INFORMATION SUPPLIED.
□ □ □ □ □

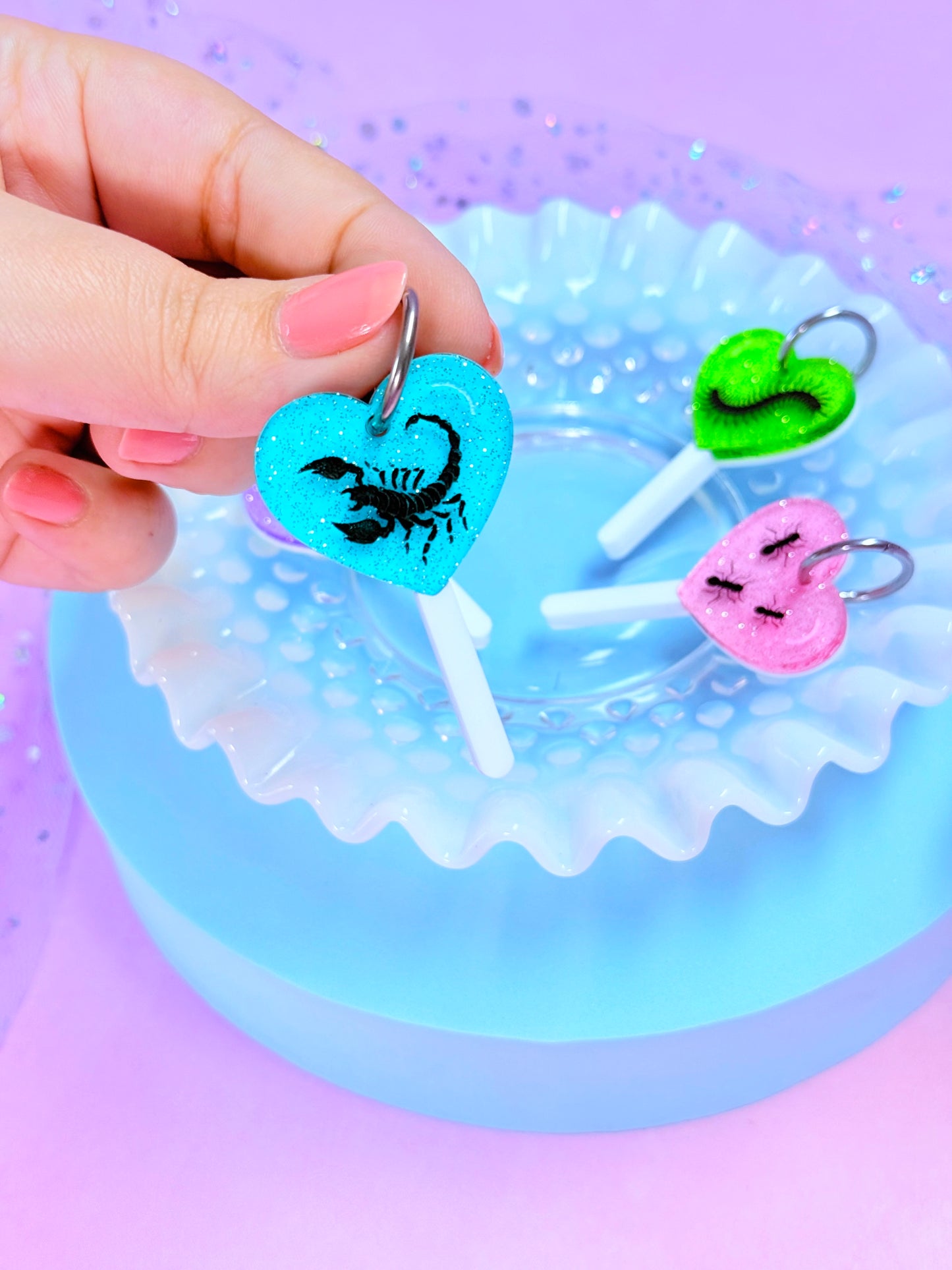 Cutesy Bug Lollipop Acrylic Earrings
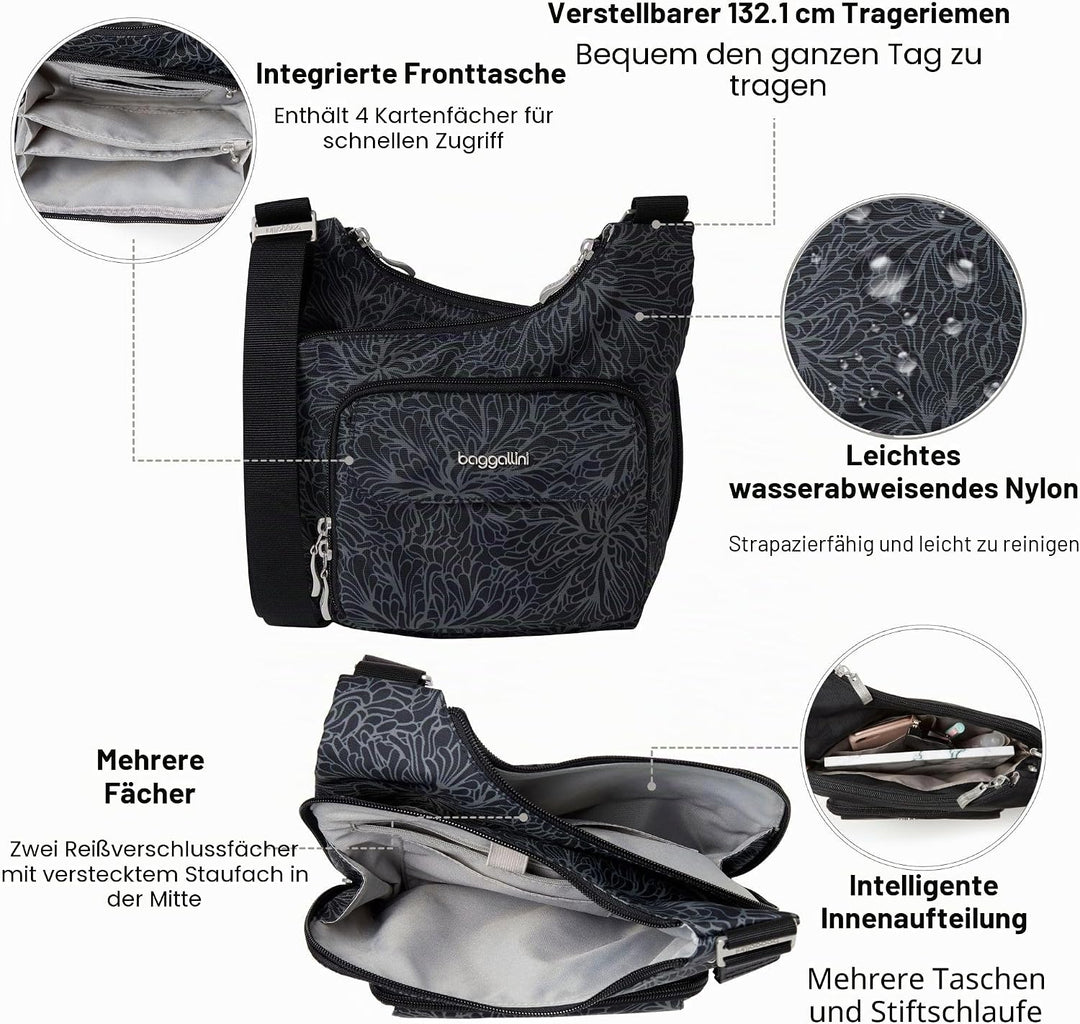 Baggallini Criss Cross Crossbody Bag Midnight Blossom, Midnight Blossom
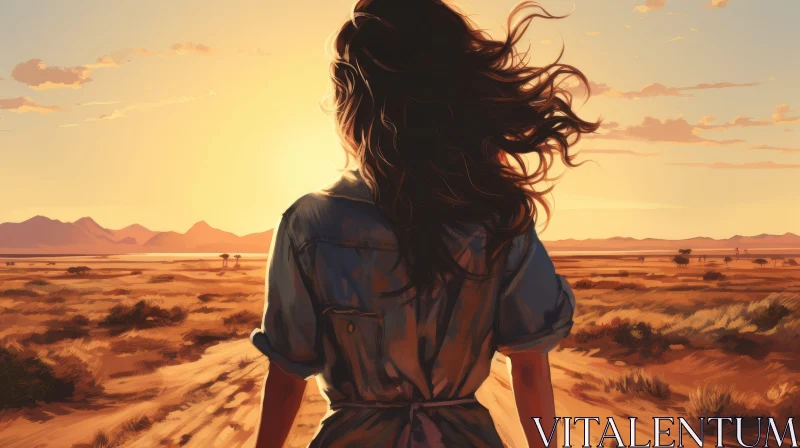 Young Woman in Desert at Sunset AI Image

□ □ □ □ □

WHAT IS NEEDED.
When you retype the data above, match every line exactly and leave the pictures behind.

ANSWER BOX.
 Cutesy Bug Lollipop Acrylic Earrings
 Baggallini Criss Cross Crossbody Bag Midnight Blossom, Midnight Blossom
 Young Woman in Desert at Sunset AI Image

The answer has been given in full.